▸ **Spatial localization data**
------------------------------------------------------------------------
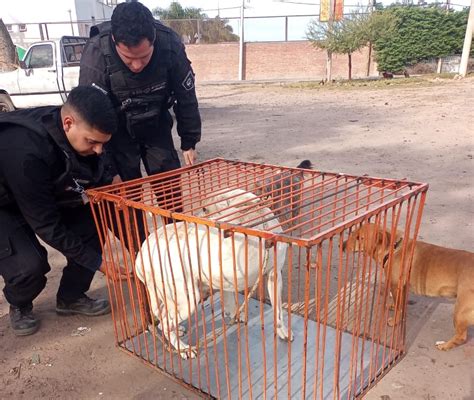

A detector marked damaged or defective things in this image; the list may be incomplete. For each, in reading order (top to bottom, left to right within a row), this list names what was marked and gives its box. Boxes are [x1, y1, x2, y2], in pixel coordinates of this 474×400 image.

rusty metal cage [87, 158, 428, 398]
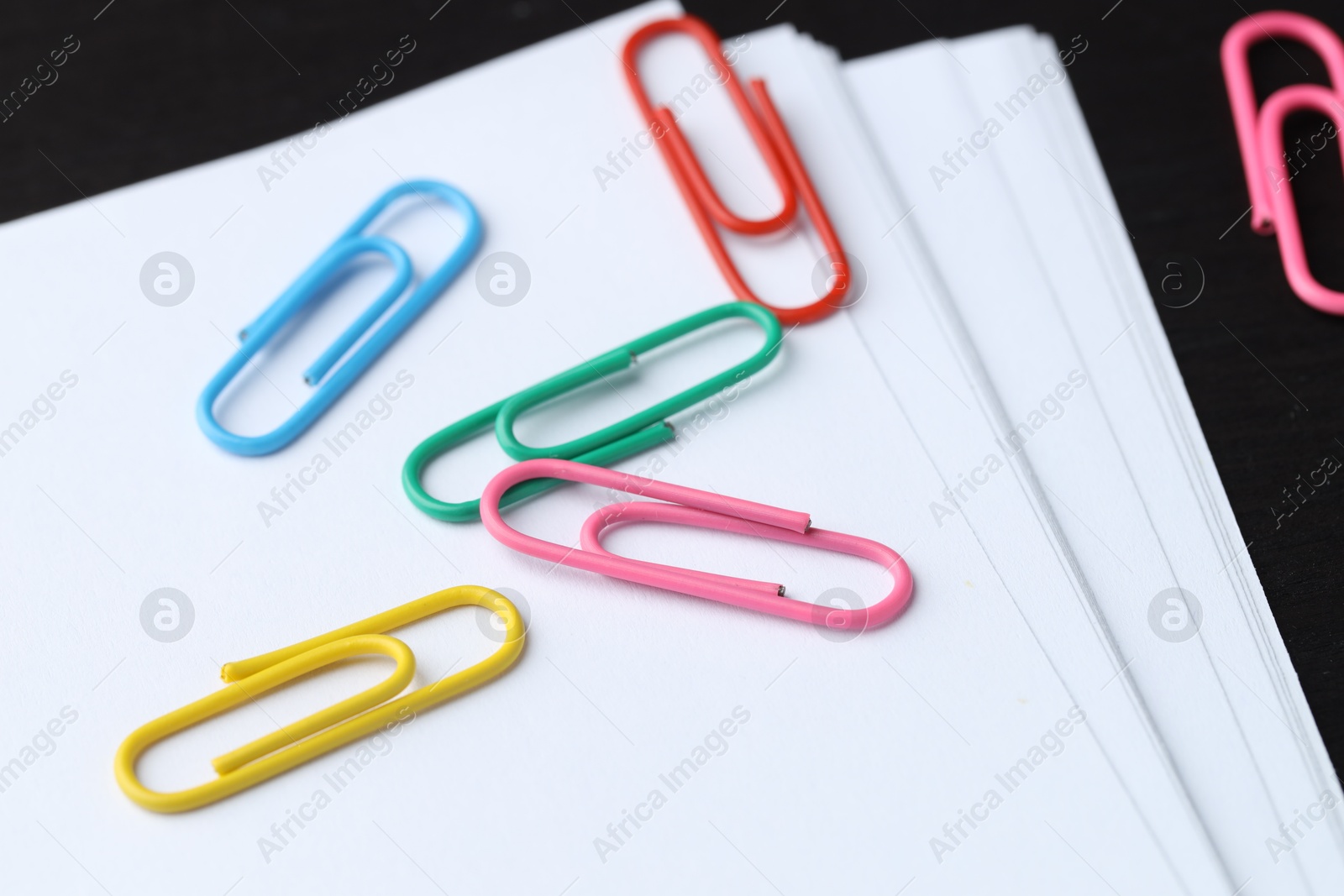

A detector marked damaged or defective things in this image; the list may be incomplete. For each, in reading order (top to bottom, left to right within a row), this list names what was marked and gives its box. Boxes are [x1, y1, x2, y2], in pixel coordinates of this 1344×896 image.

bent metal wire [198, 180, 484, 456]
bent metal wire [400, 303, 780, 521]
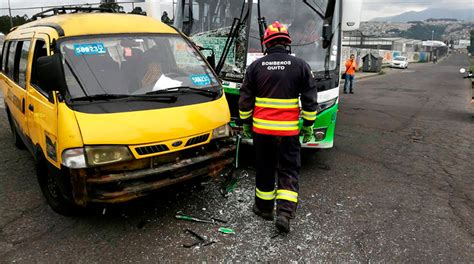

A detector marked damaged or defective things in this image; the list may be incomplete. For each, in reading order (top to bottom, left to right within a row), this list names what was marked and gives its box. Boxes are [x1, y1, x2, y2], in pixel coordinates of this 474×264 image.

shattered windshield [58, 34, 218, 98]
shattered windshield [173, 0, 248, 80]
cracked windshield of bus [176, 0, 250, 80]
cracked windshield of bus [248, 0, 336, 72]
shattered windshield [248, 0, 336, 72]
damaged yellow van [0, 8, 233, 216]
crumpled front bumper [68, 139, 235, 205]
------------------------------------------------------------------------
▸ **Exercise aim**
Reproduce exactly the lines from the one containing "this 474×264 image." through the last line of the records, both included, and nothing else.

▸ **Solution for this problem**
A detector marked damaged or defective things in this image; the list may be incomplete. For each, in reading order (top to bottom, left to right within a row), this list names what was marked and gives its box. Boxes are [x1, y1, x2, y2], in pixel coordinates of this 474×264 image.

shattered windshield [58, 34, 218, 98]
shattered windshield [173, 0, 248, 80]
cracked windshield of bus [176, 0, 250, 80]
cracked windshield of bus [248, 0, 336, 72]
shattered windshield [248, 0, 336, 72]
damaged yellow van [0, 8, 233, 216]
crumpled front bumper [68, 139, 235, 205]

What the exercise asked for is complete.